多肽G(IIKK)nI-NH2(n=1-4),Gly-(Ile-Ile-Lys-Lys)n-Ile-NH2(n=1-4),是一类具有简单重复序列并包含α-螺旋结构的阳离子抗菌肽。随着IIKK序列重复次数的增加,能够通过与两性分子膜的连接,增强多肽IIKK的α-螺旋,使多肽结构趋于稳定。此外,在多肽羟基端增加异亮氨酸(Ile)能够进一步促进维持二级结构的能力,稳固多肽分子结构,引发并协调功能的发挥。经对比研究,发现G(IIKK)3I-NH2(IIKK)具有最佳的链长、抗肿瘤效果,结构简单,毒副作用小,抗肿瘤活性强,亦是理想的靶向肿瘤抑制药物。IIKK通过静电与疏水作用与肿瘤细胞膜结合,以膜透化方式进入并积累于肿瘤细胞,最终通过调控凋亡通路或细胞坏死来抑制肿瘤细胞生长。IIKK体内外良好的抗肿瘤性能显示了其在临床开发应用中的巨大潜力。现有技术中缺少兼具FSHR靶向和更强抗肿瘤功能的融合多肽蛋白。
发明内容
本发明的目的在于为了解决现有技术中缺少兼具FSHR靶向和更强抗肿瘤功能的融合多肽蛋白。

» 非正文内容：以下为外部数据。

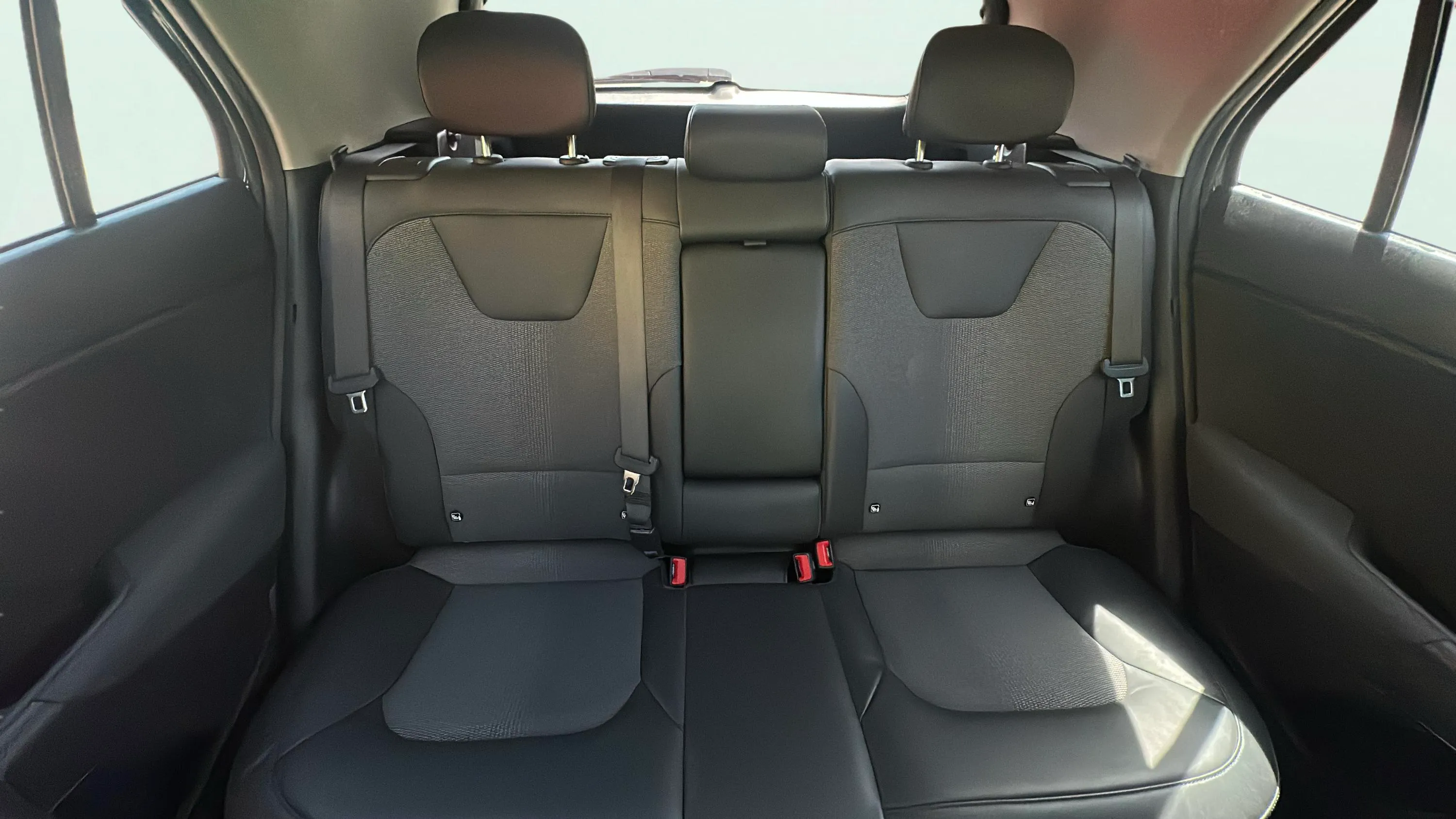 Kia Niro 1.6 GDi HEV Drive - foto 22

基于功能多肽联合应用的思路,设计了FSH33-53-IIKK及IIKK-FSH33-53靶向融合多肽,具有FSHR靶向性的肿瘤治疗多肽,所述多肽具有增强IIKK多肽的抗肿瘤活性,其氨基酸序列选自下述(a)-(c):
(a)、其序列为α亚单位和β亚单位构成,其中α亚单位为能与FSHR相结合的亲合片段,β亚单位为具有简单重复序列并包含α-螺旋结构的阳离子抗菌肽,
所述的亲合片段包括FSHβ链上33-53片段或81-95片段,
所述的阳离子抗菌肽包括G(IIKK)nI-NH2或Gly-(Ile-Ile-Lys-Lys)n-Ile-NH2,其中n=1-4;
(b)、所述FSHR靶向性的肿瘤治疗多肽为FSH33-53-IIKK靶向融合多肽
Tyr-Thr-Arg-Asp-Leu-Val-Tyr-Lys-Asp-Pro-Ala-Arg-Pro-Lys-Ile-Gln-Lys-Thr-Cys-Thr-Phe-Gly-Gly-Gly-Ile-Ile-Lys-Lys-Ile-Ile-Lys-Lys-Ile-Ile-Lys-Lys-Ile-NH2,以及Gly-Ile-Ile-Lys-Lys-Ile-Ile-Lys-Lys-Ile-Ile-Lys-Lys-Ile-Gly-Gly-Gly-Tyr-Thr-Arg-Asp-Leu-Val-Tyr-Lys-Asp-Pro-Ala-Arg-Pro-Lys-Ile-Gln-Lys-Thr-Cys-Thr-Phe;
(c)、所述序列为在(a)、(b)所示的氨基酸序列中,取代、缺失或添加1-10个氨基酸而得到的,且具有增强IIKK多肽的抗肿瘤活性的氨基酸序列。
所述重组融合多肽还包括,含有FSH33-53-IIKK靶向融合多肽、或其不丧失生物活性的片段、变体或衍生物。
本发明还在于:提供了一种编码权所述FSH33-53-IIKK靶向融合多肽的多核苷酸。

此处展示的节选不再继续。